Enucleation
Enucleation is removal of the eye. It is
a form of treatment that allows your eye-cancer specialist to remove your tumor
from your body. Unfortunately, patients also lose the vision from that eye. With
time, almost all patients are able to do all the things they used to do before
losing their eye.
Enucleation is most commonly used to remove large-sized tumors of the eye. This
is because the amount of radiation required to kill a tumor which fills most of
the eye is just too much for the eye to stand. Within months to years, many
patients who are treated with radiation for large ocular melanomas lose vision,
develop glaucoma, or have their eye removed anyway.

This is a patient (looking left) who has completed
cosmetic rehabilitation
after Enucleation surgery. Notice that he looks normal but the
prosthetic eye does not move as well as a normal eye.

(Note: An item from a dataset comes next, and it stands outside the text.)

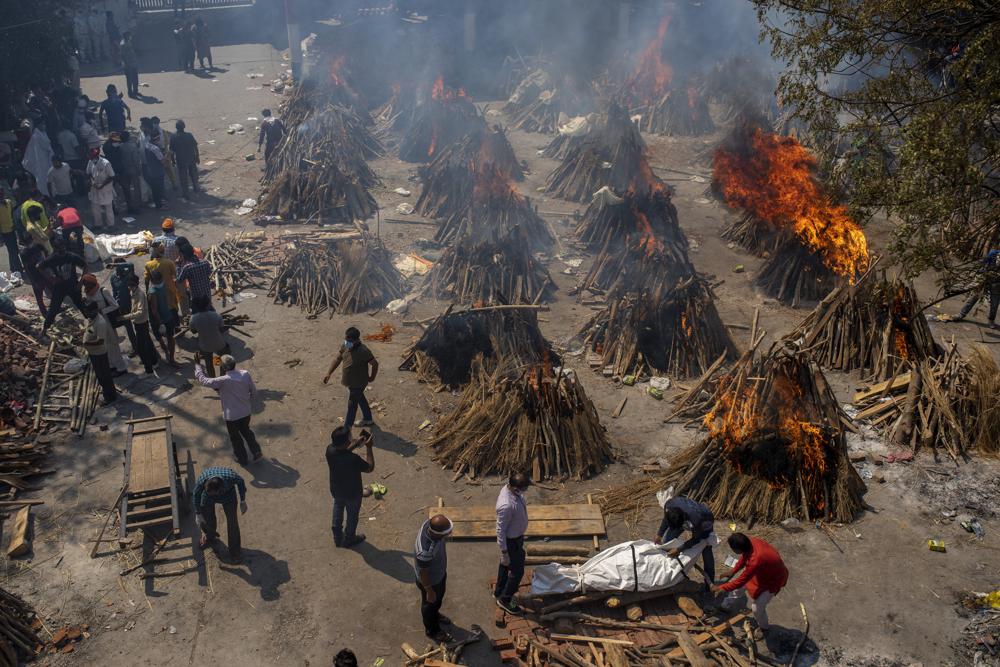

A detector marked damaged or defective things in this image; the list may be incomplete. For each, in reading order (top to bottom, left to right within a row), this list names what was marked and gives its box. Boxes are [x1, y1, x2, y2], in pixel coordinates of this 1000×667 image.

burnt wood pile [414, 124, 524, 219]
burnt wood pile [272, 236, 404, 318]
burnt wood pile [398, 306, 560, 388]
burnt wood pile [428, 358, 608, 482]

If you are young and/or healthy you may want to have your surgery as an
out-patient. Most patients stay in the hospital for at least one night after
surgery. Since your surgery will be performed under general anesthesia, you will
not feel or see anything until you wake up. Ask your eye-cancer specialist to
give extra local anesthesia at the end of your surgery. Then you will have the
least pain possible when you wake up in the recovery room. Most patients have a
headache for 24-36 hours after surgery which goes away with two regular Tylenol
every 4 hours.
Many patients are concerned that the loss of the eye may hurt. But the eye is
surrounded by bones, therefore it is much easier to tolerate removal of an eye
as compared to loss of a lung or kidney.
Within 2 to 6 weeks of surgery you will be sent for a temporary ocular
prosthesis (plastic-eye). Besides the swelling and the “black-eye,” you will
look fairly normal. After a final prosthetic fitting 90% of our patients are
happy with the way they look, and 80% say others can’t even tell they are
monocular. It will take some time to adjust to using one eye, but most patients
learn to compensate during the first year after surgery.